Error code: ApplicationGatewayTrustedClientCertificateMustNotHavePrivateKey
Cause
There's a private key in the certificate chain. There shouldn't be a private key in the certificate chain.
Solution
Double check the certificate chain that was uploaded and remove the private key that was part of the chain. Reupload the chain without the private key.
Error code: ApplicationGatewayTrustedClientCertificateInvalidData
Cause
There are two potential causes for this error:
- Parsing failure: The certificate chain isn't in the correct format. Application Gateway expects certificate chains in PEM format with properly delimited individual certificates.
- Empty content: The uploaded file contains only delimiters without actual certificate data between them.
Solution
Based on the specific cause, apply one of the following solutions:
- Format issue: Ensure the certificate chain is in PEM format with each certificate properly delimited by
-----BEGIN CERTIFICATE-----and-----END CERTIFICATE-----markers. Each certificate should be on separate lines within these delimiters. - Missing data: Verify that the certificate file contains actual certificate data between the delimiters, not just empty delimiters.

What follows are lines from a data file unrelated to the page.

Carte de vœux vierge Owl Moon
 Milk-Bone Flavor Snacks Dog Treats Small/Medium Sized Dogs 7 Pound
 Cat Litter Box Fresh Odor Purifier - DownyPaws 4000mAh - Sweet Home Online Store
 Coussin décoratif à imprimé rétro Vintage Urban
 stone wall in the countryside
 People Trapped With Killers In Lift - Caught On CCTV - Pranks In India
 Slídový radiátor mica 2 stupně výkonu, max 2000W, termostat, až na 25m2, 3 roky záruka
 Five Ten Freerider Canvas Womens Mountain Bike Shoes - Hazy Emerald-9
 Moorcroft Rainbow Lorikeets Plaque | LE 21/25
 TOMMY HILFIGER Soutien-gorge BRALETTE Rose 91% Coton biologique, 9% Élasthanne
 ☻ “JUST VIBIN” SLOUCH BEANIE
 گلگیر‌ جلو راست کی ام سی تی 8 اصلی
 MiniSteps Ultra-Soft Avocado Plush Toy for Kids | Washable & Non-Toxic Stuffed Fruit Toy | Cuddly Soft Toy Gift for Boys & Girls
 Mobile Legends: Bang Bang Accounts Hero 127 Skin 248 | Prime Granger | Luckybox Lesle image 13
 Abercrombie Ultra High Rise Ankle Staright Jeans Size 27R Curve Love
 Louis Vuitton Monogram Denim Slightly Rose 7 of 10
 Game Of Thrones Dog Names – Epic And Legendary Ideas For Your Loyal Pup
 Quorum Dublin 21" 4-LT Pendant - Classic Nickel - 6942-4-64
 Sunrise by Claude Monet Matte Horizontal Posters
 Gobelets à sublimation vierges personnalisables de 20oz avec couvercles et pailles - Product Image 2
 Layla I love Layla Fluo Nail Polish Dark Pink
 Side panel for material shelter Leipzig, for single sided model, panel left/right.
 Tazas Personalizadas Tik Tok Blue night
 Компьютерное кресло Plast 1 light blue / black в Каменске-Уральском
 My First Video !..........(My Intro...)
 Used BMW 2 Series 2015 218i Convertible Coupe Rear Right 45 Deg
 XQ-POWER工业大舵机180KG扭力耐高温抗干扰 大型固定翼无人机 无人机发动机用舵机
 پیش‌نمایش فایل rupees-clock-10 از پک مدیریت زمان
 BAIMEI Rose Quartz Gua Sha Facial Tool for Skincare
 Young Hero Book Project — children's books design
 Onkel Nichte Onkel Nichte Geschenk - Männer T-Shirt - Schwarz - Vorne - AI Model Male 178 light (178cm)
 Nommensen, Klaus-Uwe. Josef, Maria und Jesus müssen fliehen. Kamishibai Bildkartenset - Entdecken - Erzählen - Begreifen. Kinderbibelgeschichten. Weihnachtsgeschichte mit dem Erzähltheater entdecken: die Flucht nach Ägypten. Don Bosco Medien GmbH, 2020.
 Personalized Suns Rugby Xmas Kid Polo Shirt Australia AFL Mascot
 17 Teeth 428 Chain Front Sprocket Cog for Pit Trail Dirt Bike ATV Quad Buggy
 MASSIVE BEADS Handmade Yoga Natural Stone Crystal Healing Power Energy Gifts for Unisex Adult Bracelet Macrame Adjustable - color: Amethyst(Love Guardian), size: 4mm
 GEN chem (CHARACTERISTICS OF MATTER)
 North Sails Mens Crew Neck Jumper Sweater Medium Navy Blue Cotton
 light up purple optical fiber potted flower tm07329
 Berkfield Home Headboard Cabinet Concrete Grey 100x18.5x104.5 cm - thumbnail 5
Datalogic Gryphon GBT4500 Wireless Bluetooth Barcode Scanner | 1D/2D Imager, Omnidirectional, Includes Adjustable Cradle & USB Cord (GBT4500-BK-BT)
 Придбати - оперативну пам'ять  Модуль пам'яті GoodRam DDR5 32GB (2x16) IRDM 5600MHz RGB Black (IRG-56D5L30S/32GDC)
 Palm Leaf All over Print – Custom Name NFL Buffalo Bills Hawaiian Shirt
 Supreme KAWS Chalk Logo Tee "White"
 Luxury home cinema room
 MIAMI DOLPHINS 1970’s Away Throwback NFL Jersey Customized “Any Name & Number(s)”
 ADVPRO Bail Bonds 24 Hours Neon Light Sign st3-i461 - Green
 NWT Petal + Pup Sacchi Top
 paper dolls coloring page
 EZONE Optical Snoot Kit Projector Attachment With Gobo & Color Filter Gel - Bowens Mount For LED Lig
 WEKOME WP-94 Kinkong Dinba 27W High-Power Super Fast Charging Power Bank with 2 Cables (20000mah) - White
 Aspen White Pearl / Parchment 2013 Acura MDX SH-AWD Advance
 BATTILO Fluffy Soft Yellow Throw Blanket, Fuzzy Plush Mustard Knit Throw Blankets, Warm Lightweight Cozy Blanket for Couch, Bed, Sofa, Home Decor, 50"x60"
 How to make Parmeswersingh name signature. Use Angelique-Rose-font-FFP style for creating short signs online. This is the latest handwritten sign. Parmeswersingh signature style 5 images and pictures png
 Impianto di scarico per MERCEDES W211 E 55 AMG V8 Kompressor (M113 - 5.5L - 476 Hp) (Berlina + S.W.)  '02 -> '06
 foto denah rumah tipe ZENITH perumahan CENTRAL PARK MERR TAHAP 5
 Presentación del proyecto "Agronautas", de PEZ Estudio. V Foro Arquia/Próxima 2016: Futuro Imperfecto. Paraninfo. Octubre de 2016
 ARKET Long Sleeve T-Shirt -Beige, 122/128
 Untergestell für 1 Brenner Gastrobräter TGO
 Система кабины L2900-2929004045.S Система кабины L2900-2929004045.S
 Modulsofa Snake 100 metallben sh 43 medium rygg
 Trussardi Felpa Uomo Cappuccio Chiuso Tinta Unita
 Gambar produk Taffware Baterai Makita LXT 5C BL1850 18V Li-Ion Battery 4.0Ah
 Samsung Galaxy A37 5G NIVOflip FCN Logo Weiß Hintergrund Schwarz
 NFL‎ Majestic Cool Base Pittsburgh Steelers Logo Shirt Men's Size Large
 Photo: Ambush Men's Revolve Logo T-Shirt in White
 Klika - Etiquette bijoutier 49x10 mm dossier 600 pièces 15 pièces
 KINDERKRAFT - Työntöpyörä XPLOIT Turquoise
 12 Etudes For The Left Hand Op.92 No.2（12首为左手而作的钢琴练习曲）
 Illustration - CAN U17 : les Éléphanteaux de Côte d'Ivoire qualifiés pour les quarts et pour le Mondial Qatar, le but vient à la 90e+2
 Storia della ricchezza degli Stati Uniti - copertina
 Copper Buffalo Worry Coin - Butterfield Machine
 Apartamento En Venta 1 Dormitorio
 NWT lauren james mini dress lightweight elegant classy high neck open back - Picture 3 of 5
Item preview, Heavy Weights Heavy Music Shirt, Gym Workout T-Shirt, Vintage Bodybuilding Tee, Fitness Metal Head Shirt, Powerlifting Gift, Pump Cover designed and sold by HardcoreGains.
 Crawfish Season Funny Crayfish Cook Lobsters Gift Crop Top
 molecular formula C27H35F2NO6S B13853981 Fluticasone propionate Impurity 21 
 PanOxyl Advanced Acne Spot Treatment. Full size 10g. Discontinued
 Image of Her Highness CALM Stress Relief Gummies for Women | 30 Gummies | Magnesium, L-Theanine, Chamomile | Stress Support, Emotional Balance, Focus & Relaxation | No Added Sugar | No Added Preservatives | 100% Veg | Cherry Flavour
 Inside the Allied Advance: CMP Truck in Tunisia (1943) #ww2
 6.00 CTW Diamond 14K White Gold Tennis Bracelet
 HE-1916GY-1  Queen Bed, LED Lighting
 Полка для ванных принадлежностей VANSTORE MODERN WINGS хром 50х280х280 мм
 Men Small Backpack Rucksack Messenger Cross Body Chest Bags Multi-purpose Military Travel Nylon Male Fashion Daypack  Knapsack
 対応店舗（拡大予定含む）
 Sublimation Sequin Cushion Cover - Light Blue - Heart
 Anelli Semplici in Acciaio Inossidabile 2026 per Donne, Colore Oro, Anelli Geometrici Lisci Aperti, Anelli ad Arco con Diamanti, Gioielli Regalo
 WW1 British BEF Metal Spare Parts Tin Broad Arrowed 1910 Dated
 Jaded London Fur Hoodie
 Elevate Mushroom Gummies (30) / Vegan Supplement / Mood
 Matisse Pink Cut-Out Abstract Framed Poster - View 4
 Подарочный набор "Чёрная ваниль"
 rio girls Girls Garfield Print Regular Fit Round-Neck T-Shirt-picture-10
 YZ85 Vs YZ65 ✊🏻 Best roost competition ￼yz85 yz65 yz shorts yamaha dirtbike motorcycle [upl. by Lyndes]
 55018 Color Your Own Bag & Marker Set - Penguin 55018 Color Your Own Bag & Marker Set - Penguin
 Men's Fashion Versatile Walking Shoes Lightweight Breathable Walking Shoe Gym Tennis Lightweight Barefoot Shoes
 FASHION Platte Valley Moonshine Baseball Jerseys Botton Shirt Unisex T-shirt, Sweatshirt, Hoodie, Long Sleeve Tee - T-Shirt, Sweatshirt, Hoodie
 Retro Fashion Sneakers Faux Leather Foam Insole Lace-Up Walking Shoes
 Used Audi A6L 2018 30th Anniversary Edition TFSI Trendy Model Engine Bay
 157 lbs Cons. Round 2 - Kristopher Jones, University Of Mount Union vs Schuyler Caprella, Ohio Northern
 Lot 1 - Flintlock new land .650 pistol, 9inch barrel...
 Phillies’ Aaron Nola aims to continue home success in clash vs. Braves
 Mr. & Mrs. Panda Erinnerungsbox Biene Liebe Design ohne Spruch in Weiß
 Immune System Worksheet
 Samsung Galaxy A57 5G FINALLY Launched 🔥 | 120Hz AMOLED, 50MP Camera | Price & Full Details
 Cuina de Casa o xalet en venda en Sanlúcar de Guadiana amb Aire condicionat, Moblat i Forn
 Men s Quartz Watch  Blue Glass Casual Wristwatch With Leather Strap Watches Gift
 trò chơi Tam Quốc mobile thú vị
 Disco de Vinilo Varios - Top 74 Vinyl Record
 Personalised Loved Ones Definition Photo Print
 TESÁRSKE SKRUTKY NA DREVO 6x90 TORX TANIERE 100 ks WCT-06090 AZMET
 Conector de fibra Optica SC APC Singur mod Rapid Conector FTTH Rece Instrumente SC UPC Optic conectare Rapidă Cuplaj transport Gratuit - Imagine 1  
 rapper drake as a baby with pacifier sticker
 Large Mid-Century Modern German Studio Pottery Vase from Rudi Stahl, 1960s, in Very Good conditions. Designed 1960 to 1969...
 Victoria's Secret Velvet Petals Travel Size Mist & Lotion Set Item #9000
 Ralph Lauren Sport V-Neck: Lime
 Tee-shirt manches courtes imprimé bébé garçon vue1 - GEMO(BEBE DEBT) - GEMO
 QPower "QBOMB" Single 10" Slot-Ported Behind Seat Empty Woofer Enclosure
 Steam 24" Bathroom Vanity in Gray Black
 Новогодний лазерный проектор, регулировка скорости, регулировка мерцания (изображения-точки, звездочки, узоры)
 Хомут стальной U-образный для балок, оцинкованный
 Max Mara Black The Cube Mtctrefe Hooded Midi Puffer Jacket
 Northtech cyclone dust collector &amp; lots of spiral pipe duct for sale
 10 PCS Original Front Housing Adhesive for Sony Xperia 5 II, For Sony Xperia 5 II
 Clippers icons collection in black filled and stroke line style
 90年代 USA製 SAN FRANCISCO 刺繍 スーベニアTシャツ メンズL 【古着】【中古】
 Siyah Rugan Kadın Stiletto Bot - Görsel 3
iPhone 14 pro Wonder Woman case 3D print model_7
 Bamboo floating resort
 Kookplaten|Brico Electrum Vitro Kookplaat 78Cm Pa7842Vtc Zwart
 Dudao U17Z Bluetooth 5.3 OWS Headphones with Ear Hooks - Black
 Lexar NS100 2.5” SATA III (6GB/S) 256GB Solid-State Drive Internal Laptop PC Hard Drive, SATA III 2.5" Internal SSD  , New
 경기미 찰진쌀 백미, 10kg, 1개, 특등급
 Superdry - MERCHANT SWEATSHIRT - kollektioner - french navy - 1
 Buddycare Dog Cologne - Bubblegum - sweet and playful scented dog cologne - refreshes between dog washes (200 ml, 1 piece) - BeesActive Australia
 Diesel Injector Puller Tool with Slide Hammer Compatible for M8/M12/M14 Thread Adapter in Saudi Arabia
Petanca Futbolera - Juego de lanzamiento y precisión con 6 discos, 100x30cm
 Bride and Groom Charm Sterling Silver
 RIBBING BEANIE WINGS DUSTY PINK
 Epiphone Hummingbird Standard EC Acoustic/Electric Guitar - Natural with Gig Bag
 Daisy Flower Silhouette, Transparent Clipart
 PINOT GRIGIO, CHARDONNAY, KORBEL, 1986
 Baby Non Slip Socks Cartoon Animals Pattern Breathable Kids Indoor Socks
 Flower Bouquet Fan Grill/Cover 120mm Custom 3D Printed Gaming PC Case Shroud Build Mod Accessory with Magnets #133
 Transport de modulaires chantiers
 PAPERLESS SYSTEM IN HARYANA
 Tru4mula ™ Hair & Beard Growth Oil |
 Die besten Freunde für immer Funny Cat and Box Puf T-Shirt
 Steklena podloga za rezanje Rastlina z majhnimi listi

Error code: ApplicationGatewayTrustedClientCertificateDoesNotContainAnyCACertificate
Cause
The certificate uploaded only contained a leaf certificate without a CA certificate. Uploading a certificate chain with CA certificates and a leaf certificate is acceptable as the leaf certificate would just be ignored, but a certificate must have a CA.
Solution
Ensure the certificate chain includes at least one CA certificate with the proper BasicConstraintsOid extension (OID: 2.5.29.19) where the CA flag is set to TRUE. This extension indicates that the certificate subject can act as a Certificate Authority.
To verify a certificate's CA status, use:
openssl x509 -in certificate.pem -text -noout | grep -A 2 "Basic Constraints"
The output should show "CA:TRUE" for valid CA certificates.
Error code: ApplicationGatewayOnlyOneRootCAAllowedInTrustedClientCertificate
Cause
The certificate chain contained multiple root CA certificates or contained zero root CA certificates.
Solution
Certificates uploaded must contain exactly one root CA certificate (and however many intermediate CA certificates as needed).